What to work on:
Below are some records. Return exactly the lines from the one containing "39 Inch Black" through the one containing "LenovoThinkpad E14 Gen7", both included, and only those.

Entries shown:
"""
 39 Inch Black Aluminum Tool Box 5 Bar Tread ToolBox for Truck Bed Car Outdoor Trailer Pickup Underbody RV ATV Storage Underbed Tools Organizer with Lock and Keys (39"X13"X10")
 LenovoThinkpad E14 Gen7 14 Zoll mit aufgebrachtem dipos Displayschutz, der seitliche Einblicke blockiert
"""
"""
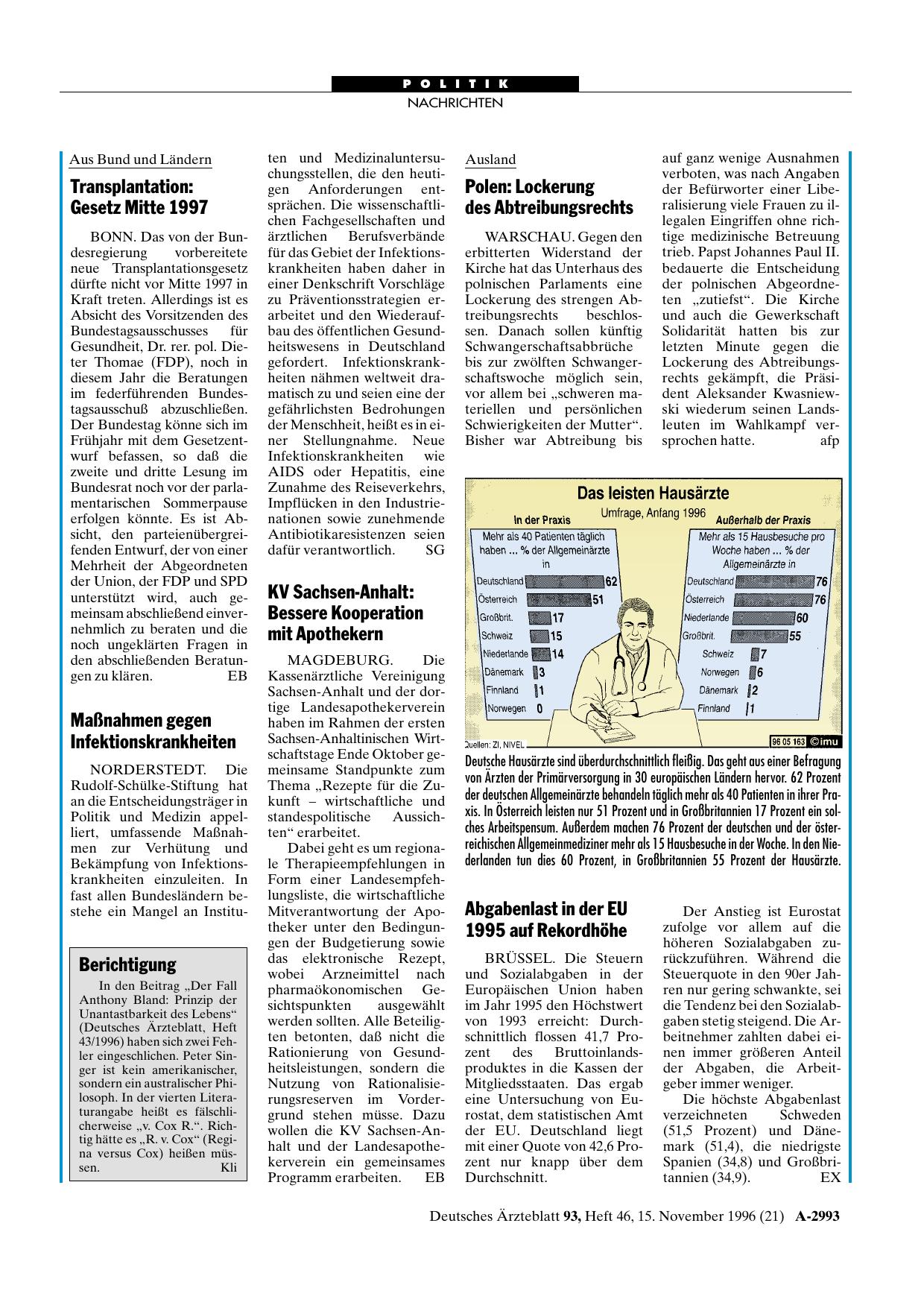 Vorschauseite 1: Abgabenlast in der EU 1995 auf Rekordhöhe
"""
Expected answer:
 39 Inch Black Aluminum Tool Box 5 Bar Tread ToolBox for Truck Bed Car Outdoor Trailer Pickup Underbody RV ATV Storage Underbed Tools Organizer with Lock and Keys (39"X13"X10")
 LenovoThinkpad E14 Gen7 14 Zoll mit aufgebrachtem dipos Displayschutz, der seitliche Einblicke blockiert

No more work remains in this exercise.